## Data for this task:
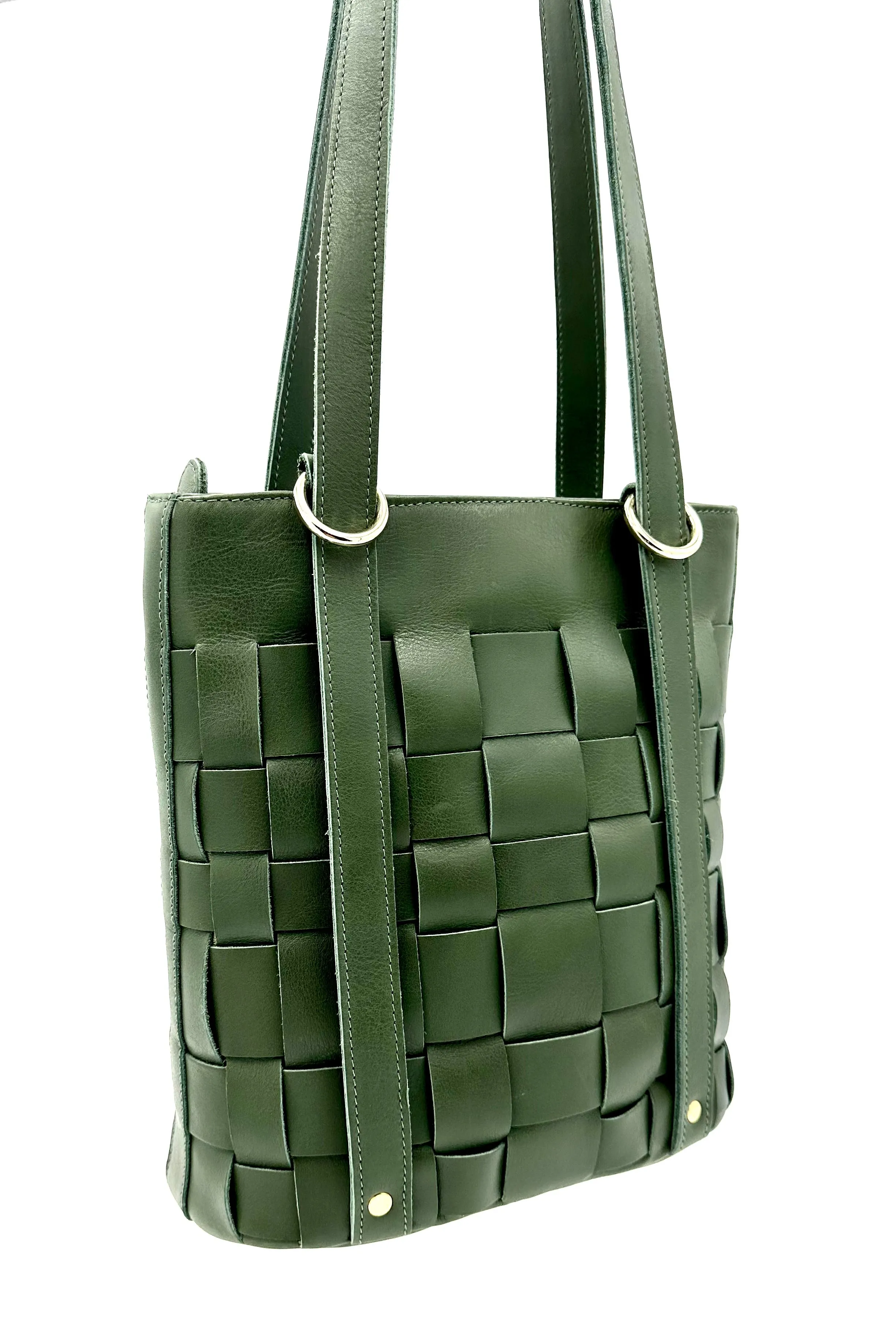 Chelsea Backpack Tote Bag - Moss Green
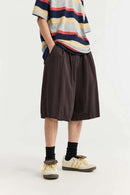 Washed Pleated Long Shorts - Coffee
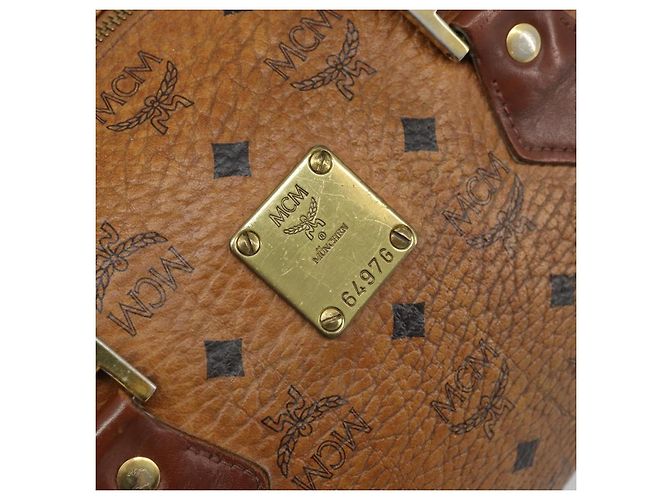 Bolso MCM Logogram Vicetos de cuero PVC 2 en 1 marrón dorado Auth BSZ275 Castaño - vista 12
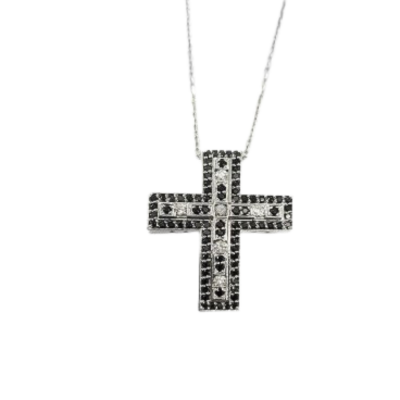 Pandantiv Cross cu diamante negre de 1.10 ct. si diamante albe de 0.27ct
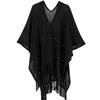 Женский полый вязаный шаль-накидка с геометрическим узором и бахромой, открытый спереди пончо-накидка, верхняя одежда для повседневной носки и сочетания с вечерним платьем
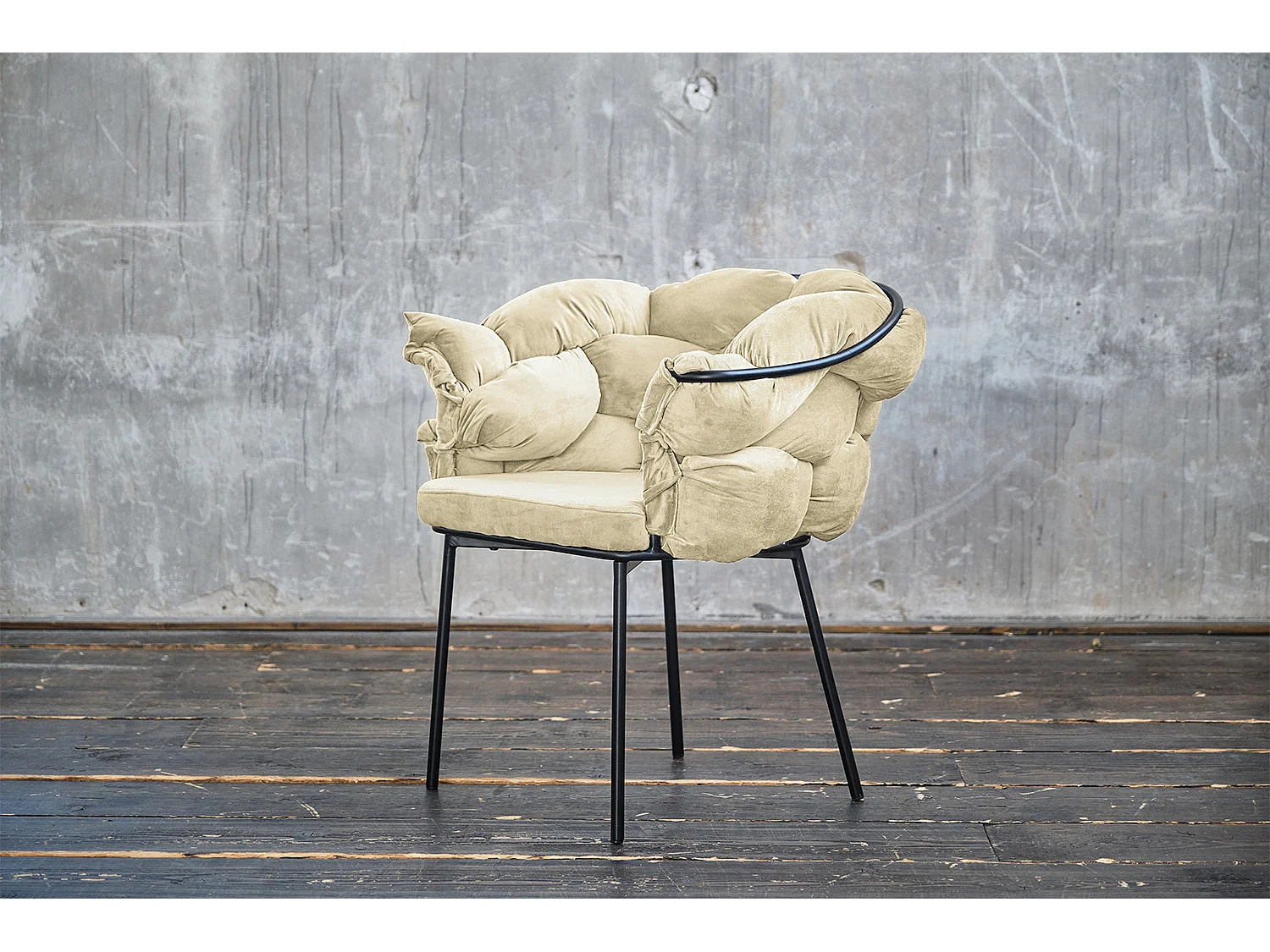 Stuhl - Cremeweiß Velvet - MONTY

## Exercise requirements:
What is needed is an exact transcription of the lines from the one containing "Pandantiv Cross cu" through the last line of the records above, both included, with no pictures.

## Task result:
 Pandantiv Cross cu diamante negre de 1.10 ct. si diamante albe de 0.27ct
 Женский полый вязаный шаль-накидка с геометрическим узором и бахромой, открытый спереди пончо-накидка, верхняя одежда для повседневной носки и сочетания с вечерним платьем
 Stuhl - Cremeweiß Velvet - MONTY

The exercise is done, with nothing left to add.